Chicago murals: Native wildflowers in Forest Glen mural painted by a native son
When Wesley Truman Daniel visits his old Sauganash neighborhood, or his parents travel to O’Hare Airport, they drive under the highway overpass at North Forest Glen Drive, west of North Cicero Avenue.
So when Forest Glen Community Club members requested proposals for a mural in that underpass, the Chicago Public Schools elementary art teacher submitted not just one, but four different designs.
“I was raised in Sauganash,” says Daniel, who now lives in Buena Park. “This is a big one.”
The team selected one of those designs, titled Dawn Flower Forest, to cover one of the walls under Interstate 94 on the border of Sauganash and Forest Glen. He painted it last fall.
The mural shows native Illinois flowers like black-eyed Susans as tall as the underpass, resembling a forest of flowers. Residents run, bike and push a child on a tire swing among the stems that stand on rolling hills of green. Shades of blue and puffy white clouds billow behind it all.
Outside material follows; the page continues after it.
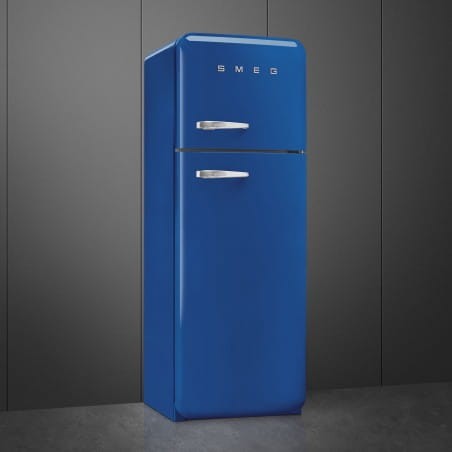 LODÓWKA WOLNOSTOJĄCA SMEG FAB30RBE5 50'S STYLE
“It was my wife’s idea to make (flowers) forest-sized and have (residents) strolling through,” Daniel says.
He got a boost from Chicago artist Cyd Smilie, president of Arts Alive Chicago, a nonprofit in Old Irving Park that promotes neighborhood art, connects artists, businesses and property owners and supports neighborhood arts initiatives. Daniel served as an intern for Smilie when he was a student at nearby Northeastern Illinois University, and the two continued working together after he finished his program.
When Forest Glen Community Club members asked Arts Alive Chicago staff to recruit artists to submit proposals, Smilie encouraged Daniel to apply. He was one of six to submit ideas, she says.
“We try to bring in artists who meet the style and standard they’re interested in,” Smilie says. The Forest Glen Community Club wanted a mural that included nature, neighbors and the active lifestyle that draws many to the neighborhood. They didn’t want it to reflect current events or anything else that would date the mural as it aged.
With its active subjects, native flowers and vibrant hues, Daniel’s proposal fit the bill.
Smilie helped Daniel as he painted the mural last fall. He crafted his design with the app Procreate, and Smilie brought her virtual reality glasses so the two could plug the design into the glasses, look at the wall and then trace its outline, he says. They hand-painted the rest with acrylic house paint.
The mural was so well received that the club commissioned Daniel to paint another across the street in the same underpass. This mural will include a forest of native flowers, this time in the evening with neighbors slowing down under a moon, stars and rich purple night sky, he says. He plans to paint that one this summer.
Smilie says the final mural was just what she hoped for. “It’s so clean and colorful. It’s exactly what Forest Glen wanted.”